## TO DO
Once the pictures are removed, reproduce what is left of the data below exactly.

## DATA PROVIDED
* * * * *

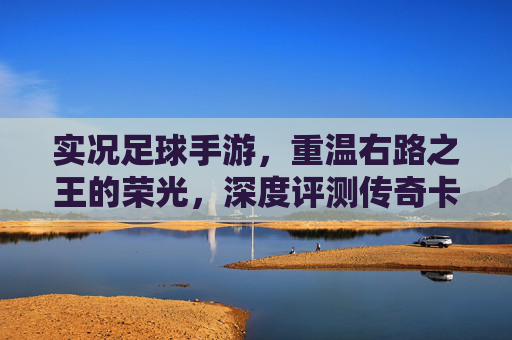 实况足球手游,重温右路之王的荣光,深度评测传奇卡福的实战表现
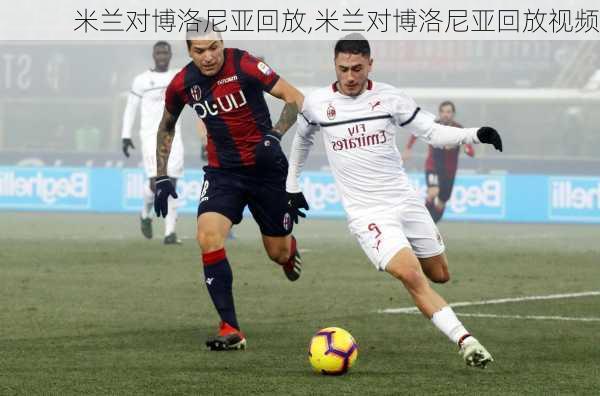 米兰对博洛尼亚回放,米兰对博洛尼亚回放视频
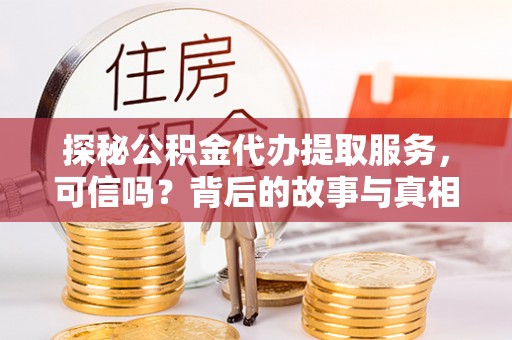 船营探秘公积金代办提取服务，可信吗？背后的故事与真相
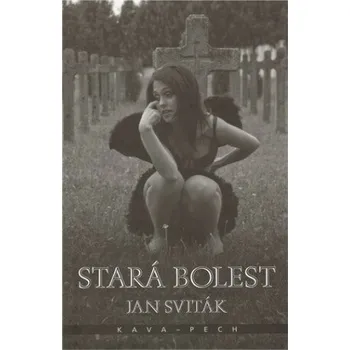 Stará bolest - Jan Sviták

* * * * *

## OUTPUT OF THE TASK
 实况足球手游,重温右路之王的荣光,深度评测传奇卡福的实战表现
 米兰对博洛尼亚回放,米兰对博洛尼亚回放视频
 船营探秘公积金代办提取服务，可信吗？背后的故事与真相
 Stará bolest - Jan Sviták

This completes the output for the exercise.